Retype each line exactly as it stands, beginning at the first line of the material and finishing with the line that contains "Baksidan på svart kavaj med enkla detaljer".

##########

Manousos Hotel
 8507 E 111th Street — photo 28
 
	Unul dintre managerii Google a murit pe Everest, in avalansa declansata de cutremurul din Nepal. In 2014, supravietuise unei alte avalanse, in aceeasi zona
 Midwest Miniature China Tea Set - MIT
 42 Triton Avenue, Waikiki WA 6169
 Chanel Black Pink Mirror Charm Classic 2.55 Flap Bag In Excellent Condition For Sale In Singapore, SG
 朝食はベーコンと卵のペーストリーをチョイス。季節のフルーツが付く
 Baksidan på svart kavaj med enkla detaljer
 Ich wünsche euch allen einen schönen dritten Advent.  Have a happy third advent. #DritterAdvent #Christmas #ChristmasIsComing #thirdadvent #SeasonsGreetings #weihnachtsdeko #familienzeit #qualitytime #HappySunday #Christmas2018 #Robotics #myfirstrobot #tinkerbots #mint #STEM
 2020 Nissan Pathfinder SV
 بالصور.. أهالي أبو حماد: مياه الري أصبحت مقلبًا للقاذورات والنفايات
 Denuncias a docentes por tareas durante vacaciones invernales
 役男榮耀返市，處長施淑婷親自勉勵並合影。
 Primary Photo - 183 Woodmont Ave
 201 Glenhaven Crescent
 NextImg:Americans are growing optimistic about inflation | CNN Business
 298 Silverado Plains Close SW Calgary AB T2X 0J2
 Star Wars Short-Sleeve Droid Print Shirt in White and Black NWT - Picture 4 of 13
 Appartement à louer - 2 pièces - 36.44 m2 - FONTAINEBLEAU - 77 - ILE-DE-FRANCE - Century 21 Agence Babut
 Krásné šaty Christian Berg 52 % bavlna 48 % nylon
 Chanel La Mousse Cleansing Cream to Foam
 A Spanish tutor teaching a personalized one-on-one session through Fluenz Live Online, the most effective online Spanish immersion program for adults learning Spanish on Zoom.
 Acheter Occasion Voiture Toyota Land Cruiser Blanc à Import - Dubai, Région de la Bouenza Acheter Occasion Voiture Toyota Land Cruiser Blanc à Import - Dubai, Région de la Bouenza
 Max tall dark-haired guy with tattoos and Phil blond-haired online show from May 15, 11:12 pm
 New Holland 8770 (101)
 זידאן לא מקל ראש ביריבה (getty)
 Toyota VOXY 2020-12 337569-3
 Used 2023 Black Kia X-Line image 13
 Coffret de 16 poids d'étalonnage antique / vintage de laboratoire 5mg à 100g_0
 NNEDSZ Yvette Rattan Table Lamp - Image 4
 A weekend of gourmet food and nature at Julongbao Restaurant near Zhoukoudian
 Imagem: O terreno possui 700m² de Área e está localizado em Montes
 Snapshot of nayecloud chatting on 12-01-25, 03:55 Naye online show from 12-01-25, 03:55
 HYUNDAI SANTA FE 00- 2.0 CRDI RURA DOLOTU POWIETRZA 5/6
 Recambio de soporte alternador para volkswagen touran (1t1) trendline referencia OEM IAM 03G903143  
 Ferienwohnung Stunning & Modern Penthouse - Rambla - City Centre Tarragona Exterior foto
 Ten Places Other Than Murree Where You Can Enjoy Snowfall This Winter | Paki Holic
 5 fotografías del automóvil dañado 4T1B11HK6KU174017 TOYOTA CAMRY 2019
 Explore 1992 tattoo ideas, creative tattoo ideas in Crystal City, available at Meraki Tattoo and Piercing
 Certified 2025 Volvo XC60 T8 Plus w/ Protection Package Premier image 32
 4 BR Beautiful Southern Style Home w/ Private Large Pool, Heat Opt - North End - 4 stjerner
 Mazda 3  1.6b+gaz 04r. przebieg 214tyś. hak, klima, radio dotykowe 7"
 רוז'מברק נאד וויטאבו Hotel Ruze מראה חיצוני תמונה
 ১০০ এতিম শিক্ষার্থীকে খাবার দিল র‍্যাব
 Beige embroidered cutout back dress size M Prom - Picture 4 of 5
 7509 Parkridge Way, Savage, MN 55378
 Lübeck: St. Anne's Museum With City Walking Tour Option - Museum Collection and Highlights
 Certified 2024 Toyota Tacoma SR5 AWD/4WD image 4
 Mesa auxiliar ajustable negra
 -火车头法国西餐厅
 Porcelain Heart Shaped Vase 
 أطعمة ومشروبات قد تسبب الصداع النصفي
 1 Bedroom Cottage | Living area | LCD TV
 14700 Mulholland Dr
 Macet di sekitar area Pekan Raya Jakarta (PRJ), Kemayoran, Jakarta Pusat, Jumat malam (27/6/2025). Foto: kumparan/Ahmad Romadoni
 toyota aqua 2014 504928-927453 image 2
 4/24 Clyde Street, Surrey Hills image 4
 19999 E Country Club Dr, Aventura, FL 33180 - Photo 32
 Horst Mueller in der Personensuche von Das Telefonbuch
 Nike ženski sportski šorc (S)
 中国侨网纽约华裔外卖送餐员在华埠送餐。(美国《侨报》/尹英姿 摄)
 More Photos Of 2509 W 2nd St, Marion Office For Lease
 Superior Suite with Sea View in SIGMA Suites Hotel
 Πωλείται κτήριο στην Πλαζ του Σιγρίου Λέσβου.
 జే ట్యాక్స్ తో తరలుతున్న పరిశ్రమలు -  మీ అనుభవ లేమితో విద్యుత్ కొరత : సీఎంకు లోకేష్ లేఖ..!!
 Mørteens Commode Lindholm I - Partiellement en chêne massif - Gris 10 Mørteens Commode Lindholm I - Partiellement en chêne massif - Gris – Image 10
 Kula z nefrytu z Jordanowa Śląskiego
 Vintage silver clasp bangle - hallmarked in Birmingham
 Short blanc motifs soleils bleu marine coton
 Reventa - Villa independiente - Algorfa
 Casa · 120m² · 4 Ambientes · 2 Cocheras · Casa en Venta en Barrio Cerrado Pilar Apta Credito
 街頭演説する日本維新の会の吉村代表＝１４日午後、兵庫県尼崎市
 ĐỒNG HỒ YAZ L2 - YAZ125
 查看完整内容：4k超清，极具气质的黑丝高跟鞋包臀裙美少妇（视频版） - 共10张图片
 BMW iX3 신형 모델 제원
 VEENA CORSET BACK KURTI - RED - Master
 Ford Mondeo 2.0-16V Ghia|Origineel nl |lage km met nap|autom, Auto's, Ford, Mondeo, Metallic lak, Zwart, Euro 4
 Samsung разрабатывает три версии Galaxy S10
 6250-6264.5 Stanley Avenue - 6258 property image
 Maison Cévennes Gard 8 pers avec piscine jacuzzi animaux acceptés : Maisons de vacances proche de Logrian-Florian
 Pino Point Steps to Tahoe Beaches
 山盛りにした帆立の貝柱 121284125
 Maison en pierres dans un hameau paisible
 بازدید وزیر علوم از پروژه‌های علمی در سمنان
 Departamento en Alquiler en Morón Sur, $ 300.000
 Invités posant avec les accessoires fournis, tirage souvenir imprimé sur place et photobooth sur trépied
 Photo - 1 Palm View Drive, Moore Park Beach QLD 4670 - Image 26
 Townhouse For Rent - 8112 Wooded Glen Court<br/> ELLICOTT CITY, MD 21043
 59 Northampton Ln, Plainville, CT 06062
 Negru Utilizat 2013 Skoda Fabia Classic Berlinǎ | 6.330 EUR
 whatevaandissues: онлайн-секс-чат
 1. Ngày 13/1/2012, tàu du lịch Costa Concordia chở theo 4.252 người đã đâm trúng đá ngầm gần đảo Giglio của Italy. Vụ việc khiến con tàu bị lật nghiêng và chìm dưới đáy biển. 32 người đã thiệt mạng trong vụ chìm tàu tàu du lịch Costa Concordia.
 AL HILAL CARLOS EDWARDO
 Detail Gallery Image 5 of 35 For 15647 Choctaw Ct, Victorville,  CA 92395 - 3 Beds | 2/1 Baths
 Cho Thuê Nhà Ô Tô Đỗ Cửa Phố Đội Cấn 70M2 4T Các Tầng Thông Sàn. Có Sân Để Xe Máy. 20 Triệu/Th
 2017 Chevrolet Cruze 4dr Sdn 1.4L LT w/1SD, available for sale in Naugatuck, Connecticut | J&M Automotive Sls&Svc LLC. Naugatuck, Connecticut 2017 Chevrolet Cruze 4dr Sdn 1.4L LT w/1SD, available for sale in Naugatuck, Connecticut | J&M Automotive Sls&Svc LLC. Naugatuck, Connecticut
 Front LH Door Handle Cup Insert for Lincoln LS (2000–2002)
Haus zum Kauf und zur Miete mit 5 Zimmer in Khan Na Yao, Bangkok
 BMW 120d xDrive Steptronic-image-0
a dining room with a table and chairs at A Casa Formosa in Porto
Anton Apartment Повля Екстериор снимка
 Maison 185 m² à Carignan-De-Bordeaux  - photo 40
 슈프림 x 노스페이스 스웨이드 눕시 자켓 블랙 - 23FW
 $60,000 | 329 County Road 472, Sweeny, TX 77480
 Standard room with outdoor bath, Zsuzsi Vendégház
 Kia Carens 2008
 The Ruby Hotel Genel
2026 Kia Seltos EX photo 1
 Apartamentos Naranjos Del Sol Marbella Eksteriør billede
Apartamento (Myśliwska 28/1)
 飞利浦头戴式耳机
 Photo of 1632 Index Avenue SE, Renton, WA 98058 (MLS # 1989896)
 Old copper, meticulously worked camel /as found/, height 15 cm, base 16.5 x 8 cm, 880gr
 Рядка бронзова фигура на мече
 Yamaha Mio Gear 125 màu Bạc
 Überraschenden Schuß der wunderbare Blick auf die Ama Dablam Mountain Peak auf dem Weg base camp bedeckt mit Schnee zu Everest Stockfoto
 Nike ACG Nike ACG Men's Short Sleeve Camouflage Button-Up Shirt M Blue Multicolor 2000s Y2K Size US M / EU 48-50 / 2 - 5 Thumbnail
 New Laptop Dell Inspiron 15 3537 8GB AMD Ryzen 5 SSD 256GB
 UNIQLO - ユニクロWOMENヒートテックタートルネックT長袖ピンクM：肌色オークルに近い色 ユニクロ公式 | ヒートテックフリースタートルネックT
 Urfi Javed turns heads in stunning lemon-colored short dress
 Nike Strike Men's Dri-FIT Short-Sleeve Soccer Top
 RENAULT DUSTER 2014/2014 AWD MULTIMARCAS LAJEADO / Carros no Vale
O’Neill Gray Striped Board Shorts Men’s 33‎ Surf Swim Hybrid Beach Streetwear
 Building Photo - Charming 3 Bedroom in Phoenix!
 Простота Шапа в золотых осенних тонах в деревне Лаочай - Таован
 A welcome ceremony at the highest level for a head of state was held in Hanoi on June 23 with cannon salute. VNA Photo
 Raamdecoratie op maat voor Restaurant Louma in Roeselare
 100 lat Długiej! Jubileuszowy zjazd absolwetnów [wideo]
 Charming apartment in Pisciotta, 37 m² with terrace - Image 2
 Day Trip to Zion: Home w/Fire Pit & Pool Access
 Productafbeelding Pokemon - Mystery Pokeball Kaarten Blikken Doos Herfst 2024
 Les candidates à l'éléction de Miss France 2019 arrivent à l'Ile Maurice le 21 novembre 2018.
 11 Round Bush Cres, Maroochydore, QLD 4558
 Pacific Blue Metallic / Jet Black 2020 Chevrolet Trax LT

##########

**Response below:**
Manousos Hotel
 8507 E 111th Street — photo 28
 
	Unul dintre managerii Google a murit pe Everest, in avalansa declansata de cutremurul din Nepal. In 2014, supravietuise unei alte avalanse, in aceeasi zona
 Midwest Miniature China Tea Set - MIT
 42 Triton Avenue, Waikiki WA 6169
 Chanel Black Pink Mirror Charm Classic 2.55 Flap Bag In Excellent Condition For Sale In Singapore, SG
 朝食はベーコンと卵のペーストリーをチョイス。季節のフルーツが付く
 Baksidan på svart kavaj med enkla detaljer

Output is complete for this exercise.